MacKay attended Solihull School, an independent school in Solihull, West Midlands. After leaving school he chaired the Solihull Young Conservatives. He has worked as an estate agent and company director.
MacKay first entered parliament in 1977, after taking Birmingham Stechford from Labour at the Birmingham Stechford by-election. He lost the seat at the 1979 general election, but re-entered parliament in 1983 as MP for East Berkshire. He was deputy Chief Whip under John Major, and was Shadow Secretary of State for Northern Ireland from 1997 to September 2001 during the leadership of William Hague.
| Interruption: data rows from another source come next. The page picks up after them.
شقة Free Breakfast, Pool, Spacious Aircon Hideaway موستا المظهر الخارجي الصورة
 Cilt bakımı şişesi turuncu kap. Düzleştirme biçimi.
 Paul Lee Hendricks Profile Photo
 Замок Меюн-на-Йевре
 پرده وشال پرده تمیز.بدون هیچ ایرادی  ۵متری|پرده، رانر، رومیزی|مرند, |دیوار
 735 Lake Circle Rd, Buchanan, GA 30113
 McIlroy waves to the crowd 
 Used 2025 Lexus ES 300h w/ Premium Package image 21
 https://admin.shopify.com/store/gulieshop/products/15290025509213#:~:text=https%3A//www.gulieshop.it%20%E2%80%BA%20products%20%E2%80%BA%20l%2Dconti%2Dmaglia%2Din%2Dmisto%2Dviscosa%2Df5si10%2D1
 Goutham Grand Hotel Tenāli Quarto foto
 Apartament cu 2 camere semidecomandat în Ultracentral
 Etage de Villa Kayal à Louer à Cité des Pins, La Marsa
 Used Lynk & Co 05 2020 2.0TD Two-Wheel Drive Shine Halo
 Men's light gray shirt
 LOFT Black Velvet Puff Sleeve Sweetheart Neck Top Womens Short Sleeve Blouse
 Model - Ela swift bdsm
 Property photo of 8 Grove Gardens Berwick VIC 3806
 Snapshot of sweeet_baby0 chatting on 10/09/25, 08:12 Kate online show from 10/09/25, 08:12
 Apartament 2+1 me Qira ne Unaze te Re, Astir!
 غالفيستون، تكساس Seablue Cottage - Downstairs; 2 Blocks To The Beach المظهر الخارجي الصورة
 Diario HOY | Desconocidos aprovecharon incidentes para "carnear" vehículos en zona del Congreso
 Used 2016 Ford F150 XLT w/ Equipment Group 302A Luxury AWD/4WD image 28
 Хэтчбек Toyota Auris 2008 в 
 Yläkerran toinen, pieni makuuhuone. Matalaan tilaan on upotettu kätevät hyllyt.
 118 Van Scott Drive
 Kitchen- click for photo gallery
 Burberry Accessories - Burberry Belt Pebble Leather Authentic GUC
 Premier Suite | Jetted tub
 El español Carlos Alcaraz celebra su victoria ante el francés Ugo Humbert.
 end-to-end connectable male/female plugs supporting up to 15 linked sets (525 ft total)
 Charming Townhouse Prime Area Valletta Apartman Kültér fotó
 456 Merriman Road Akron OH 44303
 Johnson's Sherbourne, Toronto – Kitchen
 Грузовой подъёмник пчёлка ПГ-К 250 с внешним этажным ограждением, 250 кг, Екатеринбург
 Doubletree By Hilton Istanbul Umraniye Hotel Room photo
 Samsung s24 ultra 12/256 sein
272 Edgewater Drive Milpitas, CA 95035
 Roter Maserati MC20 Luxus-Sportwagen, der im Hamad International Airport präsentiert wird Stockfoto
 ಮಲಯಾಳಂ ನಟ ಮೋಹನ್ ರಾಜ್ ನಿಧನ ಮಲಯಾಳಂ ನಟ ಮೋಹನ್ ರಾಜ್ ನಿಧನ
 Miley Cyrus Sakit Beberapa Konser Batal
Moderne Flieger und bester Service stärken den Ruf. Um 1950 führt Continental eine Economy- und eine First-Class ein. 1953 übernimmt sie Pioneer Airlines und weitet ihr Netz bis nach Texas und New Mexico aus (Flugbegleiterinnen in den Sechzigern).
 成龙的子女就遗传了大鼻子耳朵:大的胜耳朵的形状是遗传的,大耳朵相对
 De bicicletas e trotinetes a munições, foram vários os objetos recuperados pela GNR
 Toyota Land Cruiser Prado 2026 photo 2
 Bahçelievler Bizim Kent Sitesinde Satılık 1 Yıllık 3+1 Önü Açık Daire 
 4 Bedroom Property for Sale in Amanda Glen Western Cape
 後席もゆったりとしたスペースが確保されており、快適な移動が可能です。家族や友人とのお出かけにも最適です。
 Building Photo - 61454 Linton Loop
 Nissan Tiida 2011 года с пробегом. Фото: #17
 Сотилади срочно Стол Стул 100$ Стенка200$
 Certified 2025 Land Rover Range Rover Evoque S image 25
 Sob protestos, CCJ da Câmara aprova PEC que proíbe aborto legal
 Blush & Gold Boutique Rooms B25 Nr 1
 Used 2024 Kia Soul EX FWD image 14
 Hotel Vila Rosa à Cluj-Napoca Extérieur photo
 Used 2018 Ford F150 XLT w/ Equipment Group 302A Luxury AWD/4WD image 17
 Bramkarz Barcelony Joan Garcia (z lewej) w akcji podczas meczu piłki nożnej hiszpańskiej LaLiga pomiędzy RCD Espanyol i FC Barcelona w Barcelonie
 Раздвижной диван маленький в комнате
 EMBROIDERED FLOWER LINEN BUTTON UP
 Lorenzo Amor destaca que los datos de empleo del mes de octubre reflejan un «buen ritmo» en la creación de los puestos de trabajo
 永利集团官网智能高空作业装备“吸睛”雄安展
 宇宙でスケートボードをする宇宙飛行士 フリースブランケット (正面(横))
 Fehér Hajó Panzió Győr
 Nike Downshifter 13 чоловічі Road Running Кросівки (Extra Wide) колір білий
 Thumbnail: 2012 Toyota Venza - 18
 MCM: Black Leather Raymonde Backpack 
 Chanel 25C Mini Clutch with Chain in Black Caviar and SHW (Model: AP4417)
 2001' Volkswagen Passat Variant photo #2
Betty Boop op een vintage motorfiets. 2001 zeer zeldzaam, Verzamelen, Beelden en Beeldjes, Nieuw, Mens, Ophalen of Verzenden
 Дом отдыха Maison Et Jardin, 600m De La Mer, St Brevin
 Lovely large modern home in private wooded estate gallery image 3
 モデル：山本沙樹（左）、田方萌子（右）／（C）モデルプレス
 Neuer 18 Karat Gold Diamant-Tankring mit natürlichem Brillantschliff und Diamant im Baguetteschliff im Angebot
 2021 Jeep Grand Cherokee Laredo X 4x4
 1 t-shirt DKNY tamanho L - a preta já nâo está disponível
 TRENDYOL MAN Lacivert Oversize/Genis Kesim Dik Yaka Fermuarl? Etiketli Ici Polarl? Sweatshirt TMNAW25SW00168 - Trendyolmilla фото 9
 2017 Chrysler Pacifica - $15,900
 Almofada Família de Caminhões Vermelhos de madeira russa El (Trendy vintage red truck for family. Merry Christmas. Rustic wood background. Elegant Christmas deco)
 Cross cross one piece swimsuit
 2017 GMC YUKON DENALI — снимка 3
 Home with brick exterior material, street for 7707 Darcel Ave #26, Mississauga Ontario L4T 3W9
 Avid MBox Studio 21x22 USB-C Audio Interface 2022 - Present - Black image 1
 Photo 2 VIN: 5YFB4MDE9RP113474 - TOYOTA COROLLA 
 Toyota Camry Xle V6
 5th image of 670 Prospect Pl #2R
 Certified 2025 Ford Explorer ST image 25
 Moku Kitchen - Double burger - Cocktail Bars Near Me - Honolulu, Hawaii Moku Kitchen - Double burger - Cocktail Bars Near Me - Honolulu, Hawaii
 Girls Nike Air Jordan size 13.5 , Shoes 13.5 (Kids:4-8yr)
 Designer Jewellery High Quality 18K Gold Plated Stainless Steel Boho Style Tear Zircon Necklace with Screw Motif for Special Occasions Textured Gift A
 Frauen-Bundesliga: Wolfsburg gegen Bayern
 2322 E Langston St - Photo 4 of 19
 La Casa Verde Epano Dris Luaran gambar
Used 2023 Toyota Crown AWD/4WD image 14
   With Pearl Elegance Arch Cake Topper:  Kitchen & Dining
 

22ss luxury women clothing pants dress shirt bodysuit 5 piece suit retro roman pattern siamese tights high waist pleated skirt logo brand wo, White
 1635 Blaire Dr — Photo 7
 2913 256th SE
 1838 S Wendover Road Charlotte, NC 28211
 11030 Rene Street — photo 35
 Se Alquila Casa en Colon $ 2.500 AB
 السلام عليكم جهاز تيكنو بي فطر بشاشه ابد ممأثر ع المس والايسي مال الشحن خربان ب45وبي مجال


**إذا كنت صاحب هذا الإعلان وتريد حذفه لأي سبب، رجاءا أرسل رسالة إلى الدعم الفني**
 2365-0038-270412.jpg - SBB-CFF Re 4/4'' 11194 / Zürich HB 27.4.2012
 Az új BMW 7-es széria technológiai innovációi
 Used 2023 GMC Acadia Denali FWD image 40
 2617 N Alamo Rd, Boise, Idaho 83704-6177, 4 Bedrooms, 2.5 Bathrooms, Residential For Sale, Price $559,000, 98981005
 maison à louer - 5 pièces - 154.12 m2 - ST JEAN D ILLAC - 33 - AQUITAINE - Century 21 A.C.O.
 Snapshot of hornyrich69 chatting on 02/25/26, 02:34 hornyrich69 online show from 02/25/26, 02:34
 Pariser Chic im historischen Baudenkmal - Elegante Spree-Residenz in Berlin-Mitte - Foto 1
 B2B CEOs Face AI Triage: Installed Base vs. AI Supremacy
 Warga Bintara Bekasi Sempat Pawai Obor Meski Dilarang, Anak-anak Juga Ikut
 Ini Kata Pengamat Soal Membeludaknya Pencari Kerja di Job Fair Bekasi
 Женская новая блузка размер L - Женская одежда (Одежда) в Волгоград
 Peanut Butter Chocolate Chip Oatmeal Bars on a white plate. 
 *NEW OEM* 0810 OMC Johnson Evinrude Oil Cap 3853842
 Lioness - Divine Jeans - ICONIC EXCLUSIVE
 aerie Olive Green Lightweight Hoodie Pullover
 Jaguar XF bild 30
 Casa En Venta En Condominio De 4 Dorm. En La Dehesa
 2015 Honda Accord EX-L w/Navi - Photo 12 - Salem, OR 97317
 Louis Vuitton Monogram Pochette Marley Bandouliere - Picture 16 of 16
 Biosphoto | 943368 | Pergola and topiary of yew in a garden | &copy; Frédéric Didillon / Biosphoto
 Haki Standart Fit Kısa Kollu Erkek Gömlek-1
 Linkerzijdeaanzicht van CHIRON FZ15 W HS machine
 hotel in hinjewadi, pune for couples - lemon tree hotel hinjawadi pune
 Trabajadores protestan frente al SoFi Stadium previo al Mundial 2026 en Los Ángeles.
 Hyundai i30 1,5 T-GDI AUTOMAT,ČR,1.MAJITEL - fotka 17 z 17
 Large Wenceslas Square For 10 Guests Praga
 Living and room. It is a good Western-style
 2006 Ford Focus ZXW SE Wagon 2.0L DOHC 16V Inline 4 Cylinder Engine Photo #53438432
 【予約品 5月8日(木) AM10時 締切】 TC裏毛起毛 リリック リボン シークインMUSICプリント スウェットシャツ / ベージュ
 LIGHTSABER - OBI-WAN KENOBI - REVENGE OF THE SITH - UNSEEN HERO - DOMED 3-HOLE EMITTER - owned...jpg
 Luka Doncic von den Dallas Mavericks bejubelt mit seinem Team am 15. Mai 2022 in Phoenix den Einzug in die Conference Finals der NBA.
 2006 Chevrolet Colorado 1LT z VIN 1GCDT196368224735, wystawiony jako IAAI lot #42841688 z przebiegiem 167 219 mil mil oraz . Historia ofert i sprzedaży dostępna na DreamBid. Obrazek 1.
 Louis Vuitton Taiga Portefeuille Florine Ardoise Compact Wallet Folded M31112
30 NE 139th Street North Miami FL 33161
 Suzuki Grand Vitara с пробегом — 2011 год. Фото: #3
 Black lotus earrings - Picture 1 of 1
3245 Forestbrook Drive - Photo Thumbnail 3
He was on the backbenches subsequently, but was appointed a Conservative Deputy Chairman in September 2004 with responsibility for candidates, and, after David Cameron's election in November 2005 as Leader of the Conservative Party, MacKay became a Senior Parliamentary/Political Adviser to the new Conservative leader.
MacKay and Kirkbride own two homes: one in her constituency; and a flat close to Parliament in Westminster. In a case of so-called "double-dipping," according to The Daily Telegraph, MacKay had used his Additional Costs Allowance to claim more than £1,000 a month in mortgage interest payments on their joint Westminster flat. His wife used her Additional Costs Allowance to claim over £900 a month on paying off the mortgage for their family home near her constituency. This means they effectively had no main home but two second homes – and were using public funds to pay for both of them. During 2008–9, MacKay claimed a total of £23,083 under Additional Costs Allowance, while Kirkbride claimed £22,575. They also claimed for each other's travel costs, with Kirkbride claiming £1,392 to meet spouse travel, while MacKay claimed £408. On 14 May 2009, he resigned from his position as parliamentary aide to Cameron in the wake of the furore over Parliamentary expenses after what was described as an "unacceptable" expenses claim.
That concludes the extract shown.